EXERCISE BRIEF: Look below for the line containing "日野 プロフィア 大型 幌車（ウィング式） KS-FW1EZJG(6801) 15枚目"; from there through the line containing "كيم كارداشيان تستمتع", both lines included, please set down each line exactly and nothing else.

PROVIDED MATERIAL:
----

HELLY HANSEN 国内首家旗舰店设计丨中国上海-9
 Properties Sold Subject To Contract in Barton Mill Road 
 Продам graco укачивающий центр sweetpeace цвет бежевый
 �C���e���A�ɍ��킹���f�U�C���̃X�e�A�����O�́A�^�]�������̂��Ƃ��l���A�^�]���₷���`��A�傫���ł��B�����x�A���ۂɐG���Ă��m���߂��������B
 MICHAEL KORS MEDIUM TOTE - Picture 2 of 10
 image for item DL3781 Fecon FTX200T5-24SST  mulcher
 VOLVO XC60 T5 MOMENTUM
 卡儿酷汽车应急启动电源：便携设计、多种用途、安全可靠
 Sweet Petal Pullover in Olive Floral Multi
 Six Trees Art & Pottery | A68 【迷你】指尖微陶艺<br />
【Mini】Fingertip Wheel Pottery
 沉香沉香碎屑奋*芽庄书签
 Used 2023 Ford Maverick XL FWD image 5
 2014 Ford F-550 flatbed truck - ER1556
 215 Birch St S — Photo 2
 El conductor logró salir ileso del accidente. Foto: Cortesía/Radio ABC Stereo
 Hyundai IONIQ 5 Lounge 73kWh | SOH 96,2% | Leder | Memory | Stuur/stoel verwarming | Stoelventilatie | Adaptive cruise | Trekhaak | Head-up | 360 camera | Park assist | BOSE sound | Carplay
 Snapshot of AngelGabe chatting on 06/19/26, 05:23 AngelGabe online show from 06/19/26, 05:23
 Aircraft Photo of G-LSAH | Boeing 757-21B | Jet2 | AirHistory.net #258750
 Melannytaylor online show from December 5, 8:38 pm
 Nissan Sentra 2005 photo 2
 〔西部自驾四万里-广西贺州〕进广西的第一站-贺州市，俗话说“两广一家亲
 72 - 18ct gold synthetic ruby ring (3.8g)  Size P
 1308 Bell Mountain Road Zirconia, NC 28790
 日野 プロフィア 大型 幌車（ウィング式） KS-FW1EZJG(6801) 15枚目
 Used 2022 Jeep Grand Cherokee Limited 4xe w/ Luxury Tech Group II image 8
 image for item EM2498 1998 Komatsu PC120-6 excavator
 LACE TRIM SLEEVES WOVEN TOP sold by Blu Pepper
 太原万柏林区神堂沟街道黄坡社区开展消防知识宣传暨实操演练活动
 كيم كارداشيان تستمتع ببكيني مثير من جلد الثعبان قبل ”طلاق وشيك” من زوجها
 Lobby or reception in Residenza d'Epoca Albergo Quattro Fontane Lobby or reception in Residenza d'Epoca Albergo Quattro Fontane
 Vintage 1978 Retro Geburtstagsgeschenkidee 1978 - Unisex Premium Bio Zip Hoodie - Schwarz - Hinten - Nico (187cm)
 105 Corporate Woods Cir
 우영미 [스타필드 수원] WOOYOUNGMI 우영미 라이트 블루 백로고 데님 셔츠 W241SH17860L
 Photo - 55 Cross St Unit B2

----

REPLY TO THE EXERCISE:
 日野 プロフィア 大型 幌車（ウィング式） KS-FW1EZJG(6801) 15枚目
 Used 2022 Jeep Grand Cherokee Limited 4xe w/ Luxury Tech Group II image 8
 image for item EM2498 1998 Komatsu PC120-6 excavator
 LACE TRIM SLEEVES WOVEN TOP sold by Blu Pepper
 太原万柏林区神堂沟街道黄坡社区开展消防知识宣传暨实操演练活动
 كيم كارداشيان تستمتع ببكيني مثير من جلد الثعبان قبل ”طلاق وشيك” من زوجها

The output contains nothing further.